— Collected material —
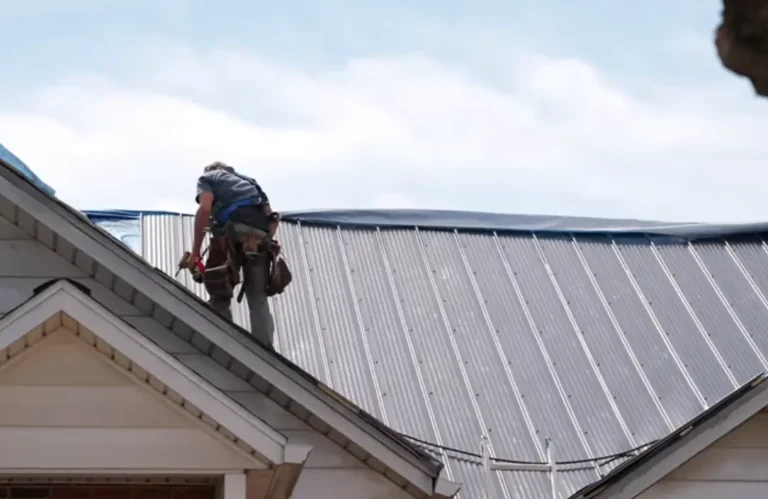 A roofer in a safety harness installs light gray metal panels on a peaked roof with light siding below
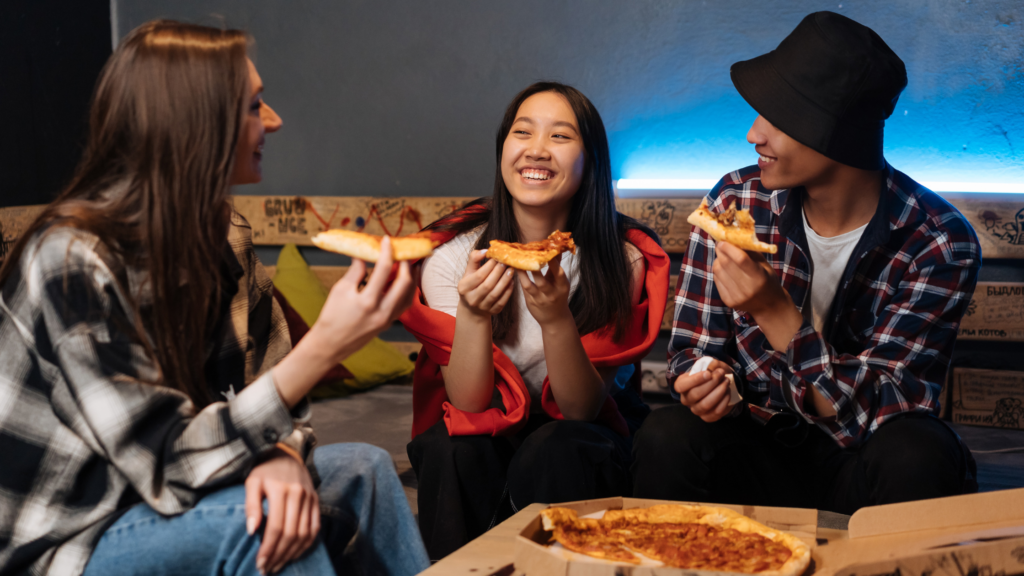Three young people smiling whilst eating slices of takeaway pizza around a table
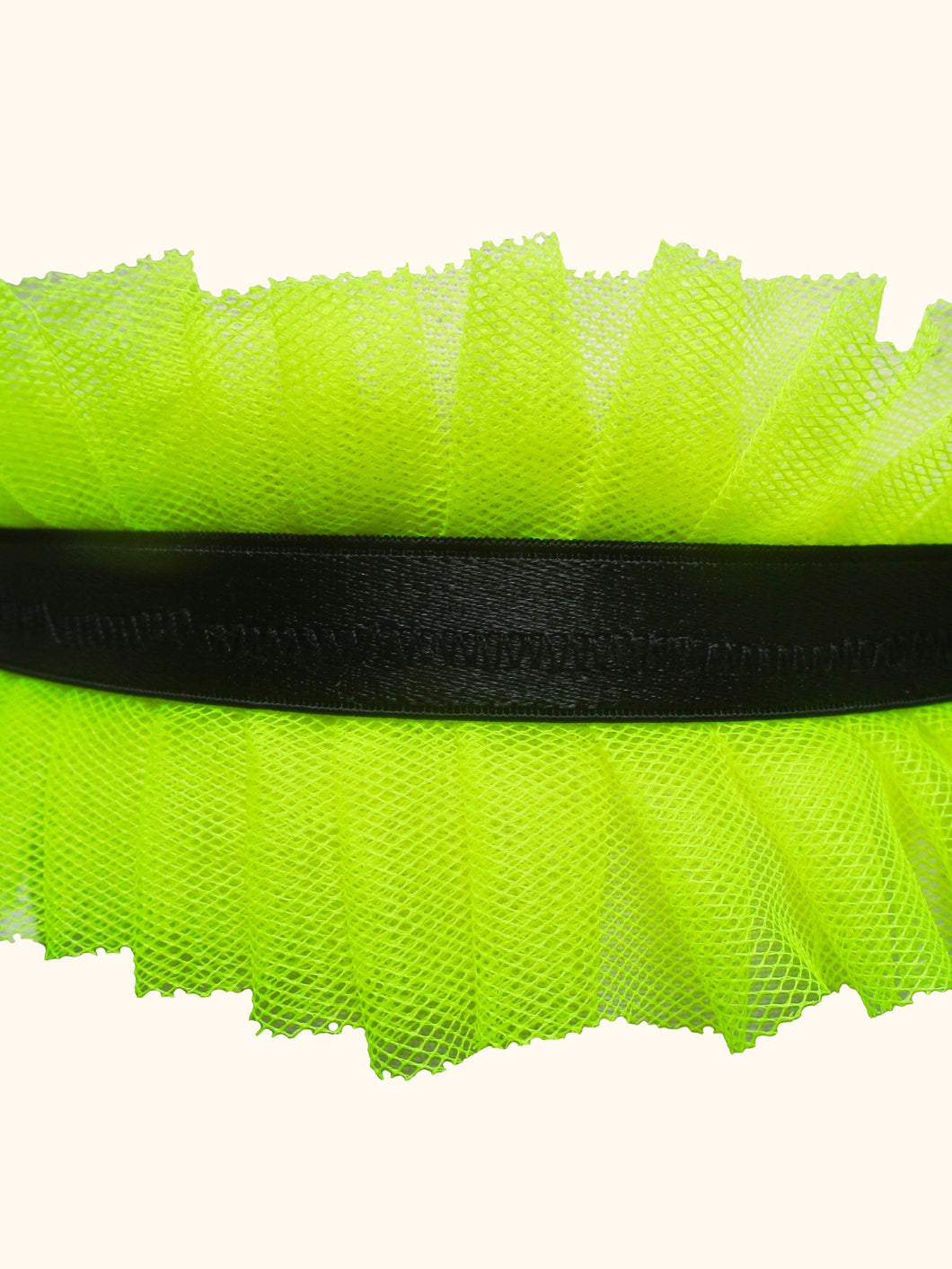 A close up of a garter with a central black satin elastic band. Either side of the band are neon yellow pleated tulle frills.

— Task requirements —
Write out the listing above in full, word for word, with no pictures.

— Solution —
 A roofer in a safety harness installs light gray metal panels on a peaked roof with light siding below
Three young people smiling whilst eating slices of takeaway pizza around a table
 A close up of a garter with a central black satin elastic band. Either side of the band are neon yellow pleated tulle frills.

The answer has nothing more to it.